### Source material
-----

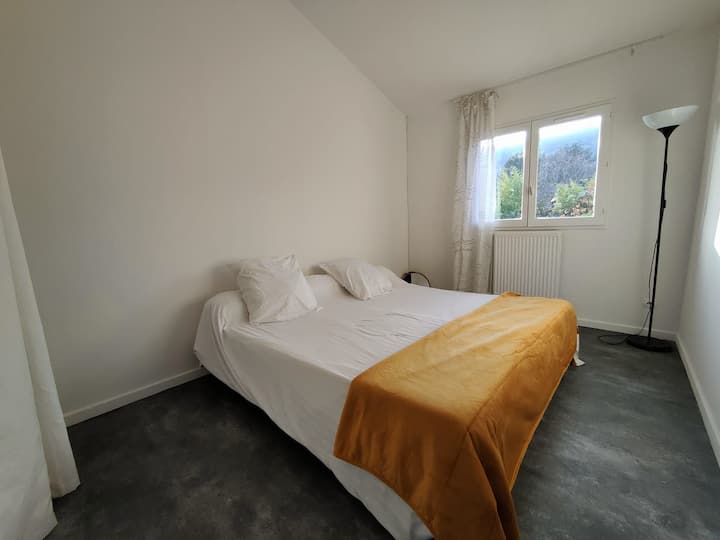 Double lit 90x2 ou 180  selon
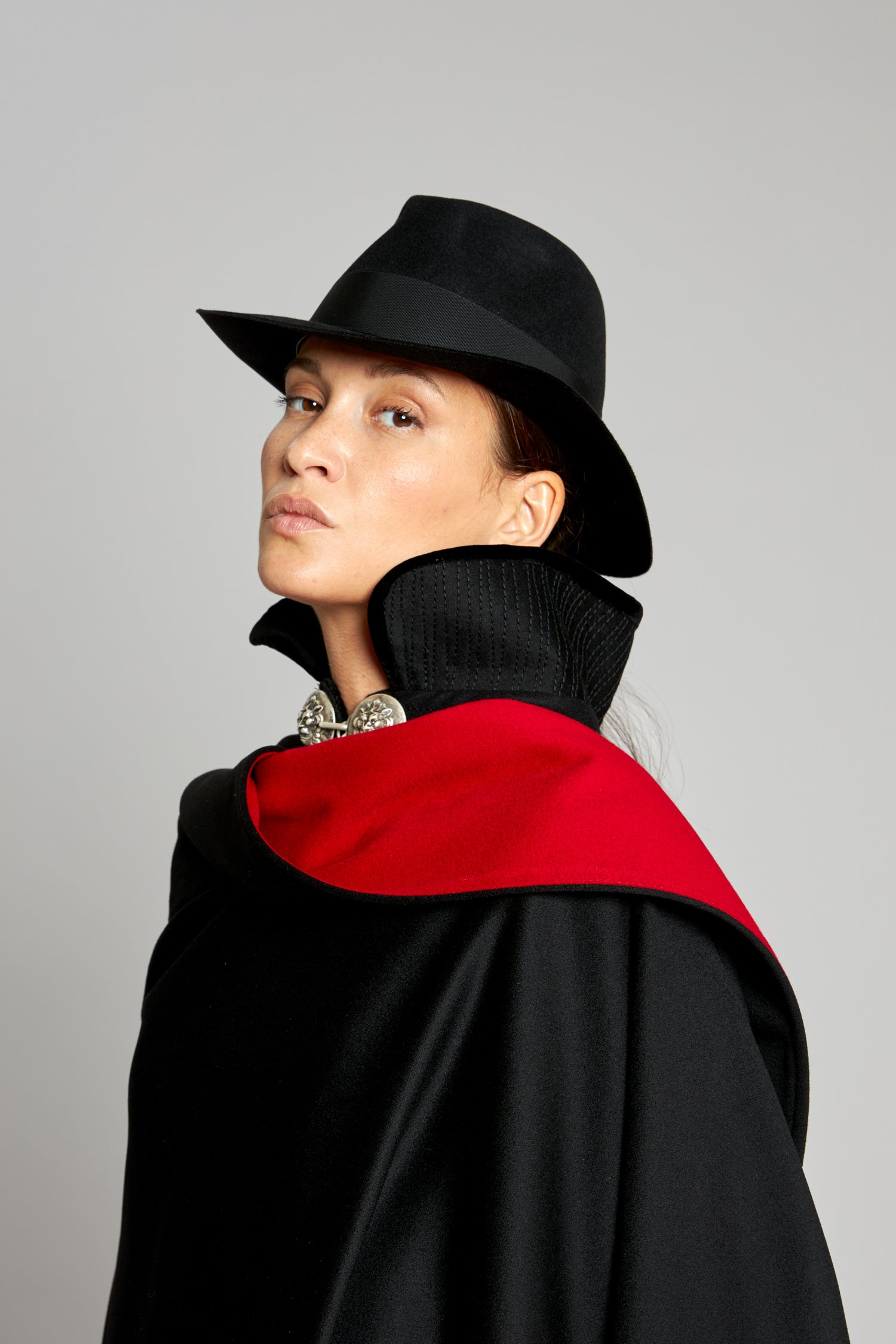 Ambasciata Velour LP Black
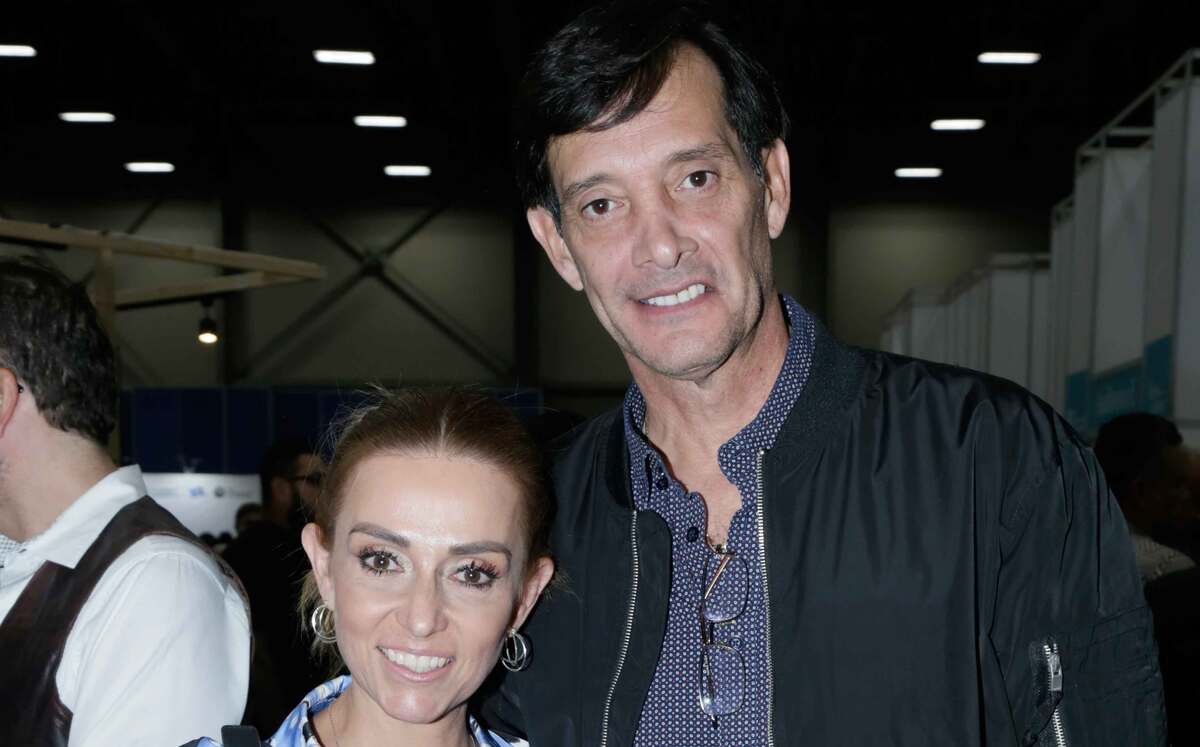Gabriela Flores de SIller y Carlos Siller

-----

### Task statement
Every line of the data above should be returned exactly, with the pictures removed.

### Result of this exercise
 Double lit 90x2 ou 180  selon
 Ambasciata Velour LP Black
Gabriela Flores de SIller y Carlos Siller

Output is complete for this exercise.